Shaheen, who serves on the Senate Committee on Foreign Relations and on the Senate Committee on Small Business and Entrepreneurship, gave a short but heartfelt speech to wrap up Friday’s all-day N.H.-Canada Business Development Forum held at the Mountain View Grand.
“We share the longest peaceful international border with Canada,” the senior senator said. The 58 miles between the New Hampshire and Quebec border makes us the “best of neighbors and trading partners,” on which some 40,000 New Hampshire jobs depend. “The scale of trade is staggering,” she said. “This trade relationship did not just happen but required hard work. NAFTA has resulted in deeply integrated North American manufacturing.”
Shaheen cautioned against the United States negotiating team taking a unilateral approach to trade talks and hoped that neither ultimatums nor threats would be issued. Treaty team members must be willing to understand the interests and real concerns of its North American trading partners, she said. Nor does she favor having a five-year sunset clause included in an updated NAFTA treaty, fearing that such a “window of certainty” would be too short, given the size of investments that businesses must often make when working across borders.
A key aspect of NAFTA that must be preserved, the senator said, is ensuring the continued open flow of skilled professionals and technology technicians across borders. These workers are not part of the immigration scene but are necessary to provide needed services for sophisticated products.
“Speak up” urged Shaheen, asking both state elected and appointed officials plus business leaders to let the Trump Administration and Congress know that keeping and updating NAFTA is very important to both large and small businesses in New Hampshire and New England. “You have credibility,” she said. “On average $2 billion in goods and services cross the U.S.-Canada border every day.”
The senator, like many of the day’s speakers, emphasized the cultural values that the U.S. and Canada share. About a third of New Hampshire’s residents have ancestors who came from Canada.
Canada’s Prime Minister Justin Trudeau pointed out, Shaheen said, that Canadian and U.S. citizens are “siblings descended from the same mother country — the same parents: Canada was the obedient child, and you were the rebellious child.”

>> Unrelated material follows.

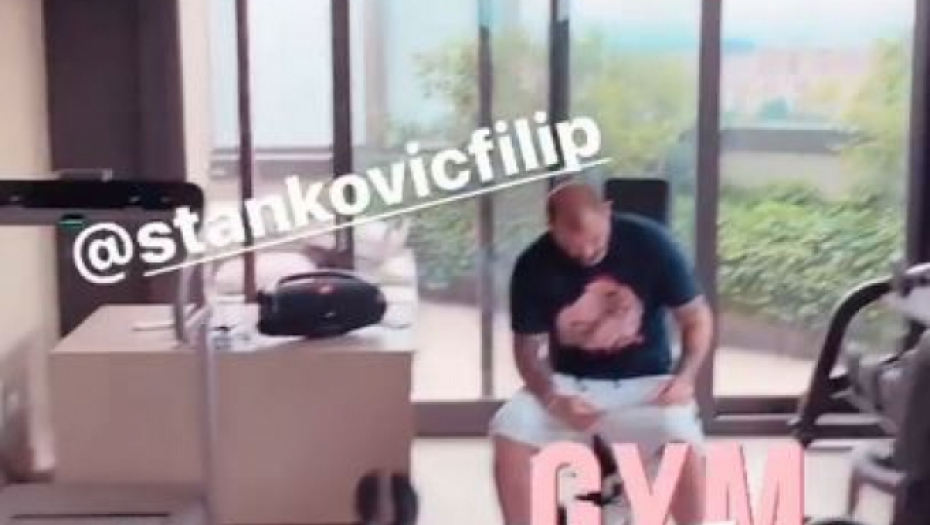 OVAKO IZGLEDA PREDIVNA KUĆA DEKIJA STANKOVIĆA U MILANU! Bazen je na terasi, a ona gleda na mesto gde je naš as ispisao istoriju! (FOTO GALERIJA)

The United States began bilateral trade negotiations with Canada more than 30 years ago, resulting in the U.S.-Canada Free Trade Agreement, which went into effect on Jan. 1, 1989. In 1991, bilateral talks began with Mexico, which Canada joined. Then NAFTA followed, taking effect on Jan. 1, 1994. Tariffs were eliminated progressively and all duties and quantitative restrictions, with the exception of some agricultural products traded with Canada, were eliminated by 2008.